Pictures stay out; everything else in the listing below is to be restated word for word.
_ _ _ _ _ _ _
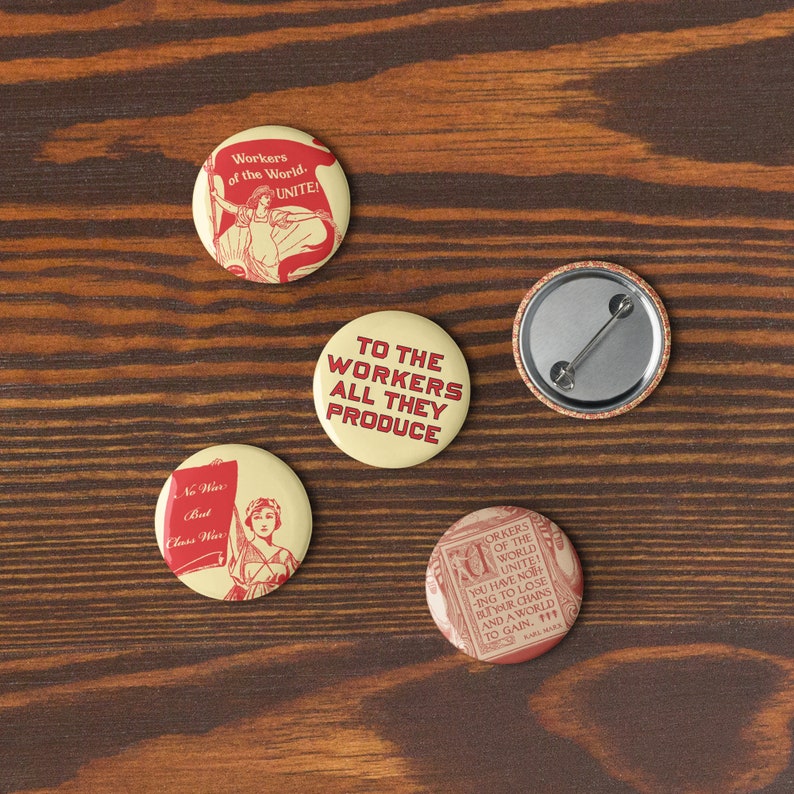 Set of Five Retro Leftist Pinbacks | Socialist, Communist, Badges, Pins, Buttons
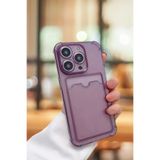 PSGT Apple iPhone 14 Pro ile Uyumlu Kılıf, Kamera Koruma, Köşe Korumalı, Kartlıklı, Cüzdanlı, Darbe Emici, Mor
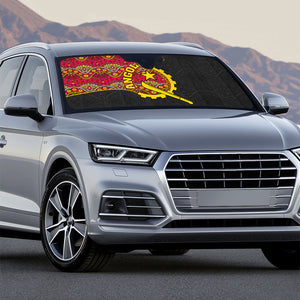 Angola Independence Day Auto Sun Shade Black Red Flag Coat Of Arms Tribal Geometric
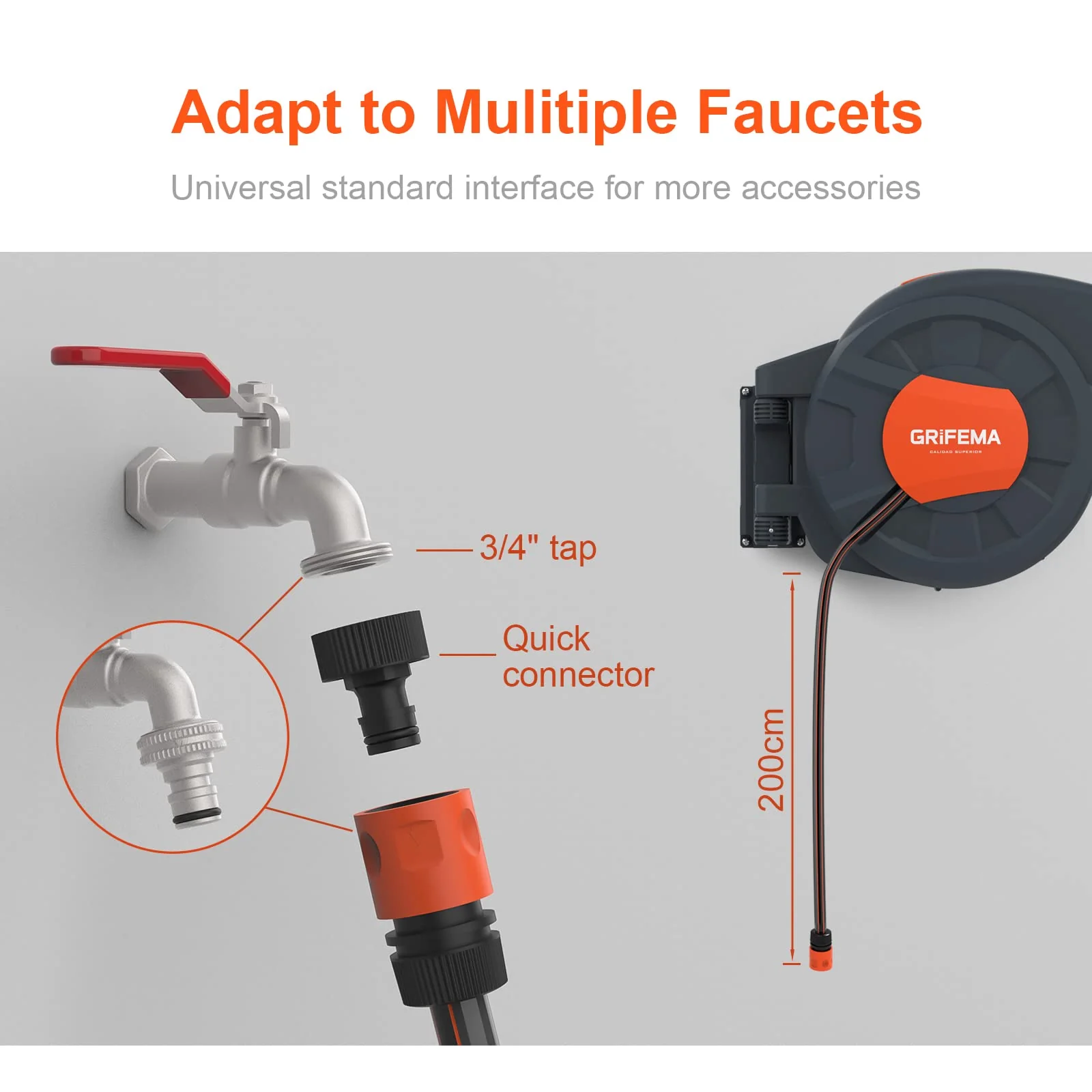 GRIFEMA G301-35, Avvolgitubo da Parete, Cassetta Avvolgitubo con Tubo da 35m, Avvolgitubo da Parete Orientabile a 180°, Riavvolgimento Automatico con Ugello Regolabile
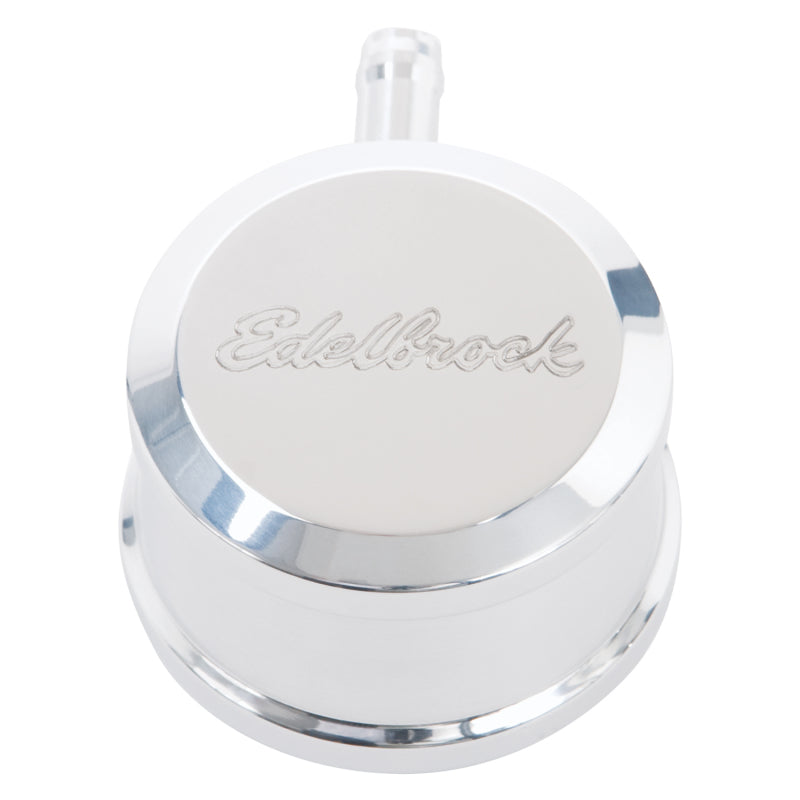Edelbrock 4407 PCV for Valve Cover Aluminum Round Push In with 90-Degree Port Breather Look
_ _ _ _ _ _ _
FINISHED TASK →
 Set of Five Retro Leftist Pinbacks | Socialist, Communist, Badges, Pins, Buttons
 PSGT Apple iPhone 14 Pro ile Uyumlu Kılıf, Kamera Koruma, Köşe Korumalı, Kartlıklı, Cüzdanlı, Darbe Emici, Mor
 Angola Independence Day Auto Sun Shade Black Red Flag Coat Of Arms Tribal Geometric
 GRIFEMA G301-35, Avvolgitubo da Parete, Cassetta Avvolgitubo con Tubo da 35m, Avvolgitubo da Parete Orientabile a 180°, Riavvolgimento Automatico con Ugello Regolabile
Edelbrock 4407 PCV for Valve Cover Aluminum Round Push In with 90-Degree Port Breather Look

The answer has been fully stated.